Tables, Transforms and Pipelines #1323

snth · 2022-12-22T11:06:34Z

snth
Dec 22, 2022
Maintainer

Recent developments on #523 reminded me that I've long wanted to have a discussion around clarifying terms and concepts around tables, transforms and pipelines and how there relate to CTEs and (table valued) functions.

I have developed a framework for myself around this and will be using the terms defined as follows (which doesn't correspond 100% to how we have been using these terms in discussions so far, particularly the term pipeline):

table: aka DataFrame, a set of tuples/rows
transform: transforms take a table as input and produce a new table as output
pipeline: a sequence of pipelines and transforms which produce a table

Transforms are made up of "atomic" transforms which correspond well to the transforms listed in section 3 of the book:

They mostly have a signature of transform: table -> table with one notable exception, namely from which is actually a pipeline (the atomic pipeline) and has signature from: null -> table.

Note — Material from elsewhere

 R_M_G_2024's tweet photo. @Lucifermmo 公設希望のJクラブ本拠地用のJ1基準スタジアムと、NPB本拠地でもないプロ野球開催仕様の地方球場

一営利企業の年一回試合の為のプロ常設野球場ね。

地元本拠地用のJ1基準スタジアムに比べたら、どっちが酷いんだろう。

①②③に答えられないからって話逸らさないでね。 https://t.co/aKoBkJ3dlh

So in my terminology we then have the following:

table: a struct type, with optional restrictions of columns that have to exist with given types, e.g.
employees<table[employee_id:int, name:str]>
salaries<table[employee_id:int, salary:float]>
transform: a function type with signature <table -> table>, e.gi
take<int table -> table>
pipeline: a function type with signature <null -> table>, e.g.
from<str null -> table> (We could argue about the null here. I initially didn't include the str in my signature. I just want to make it explicit that it doesn't act on a previous pipeline.)

Now one of the things that sets PRQL apart is the composability its transforms, with transforms being composed simply with \n or |. As of recent PR #1195, we can also put "pipelines" in lots of places which further increases PRQL's capabilities here.

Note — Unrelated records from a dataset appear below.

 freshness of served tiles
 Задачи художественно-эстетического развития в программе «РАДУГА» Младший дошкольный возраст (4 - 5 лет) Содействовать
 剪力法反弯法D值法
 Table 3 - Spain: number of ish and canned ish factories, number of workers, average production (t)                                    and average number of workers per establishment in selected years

Being able to produce custom (and reusable) transforms in PRQL could really be one of the key features for the language. However in practice I think we're not quite there yet, and in my analysis this comes down to how "namespaces" are handled in SQL. I will try to illustrate this with some examples. I'll largely make up some syntax.

pipeline top_5_salaries = (
  from s=salaries
  sort [-s.salary]
  take 5
)

It would be great to be able to generalise this, so let's say we could parameterise the pipeline definition in which case it actually becomes a transform

transform take_top_salaries n<int> s<table[salary:float]> = (
  sort [-s.salary]
  take n
)

This looks reasonable and we might expect the following to work:

from salaries
take_top_salaries 5

Because we know the previous pipeline always gets passed to the transform as the last parameter, we should be able to make the identification s=salaries.

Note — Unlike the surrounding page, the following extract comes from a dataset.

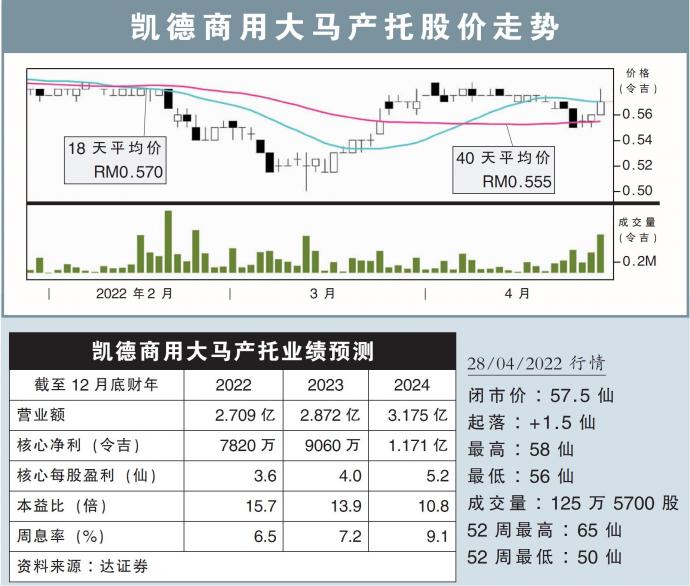 凯德商用大马产托股价走势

However what happens when we pass a pipeline with multiple source tables, e.g.

from employees
join salaries [==employee_id]
take_top_salaries 5

? It would not be clear which source table/namespace to take the salary column from. Maybe this is not an issue as long as the source pipeline fulfills the type restriction table[salary:float] of having a uniquely named column salary of type float.

Dataframe libraries like Pandas, which have a logical model closer to PRQL, get around this by forcing unique column names at join time, using automatic renaming schemes like *lsuffix* and *rsuffix* (see e.g. pandas.DataFrame.join). SQL is more lenient and let's all columns exist in tablename. prefixed namespaces.

This is as far as I've gotten in my explorations. I would welcome any thoughts, comments and hopefully discussion as it's something I've been trying to express for a while but only recently been able to write down in (hopefully) coherent form.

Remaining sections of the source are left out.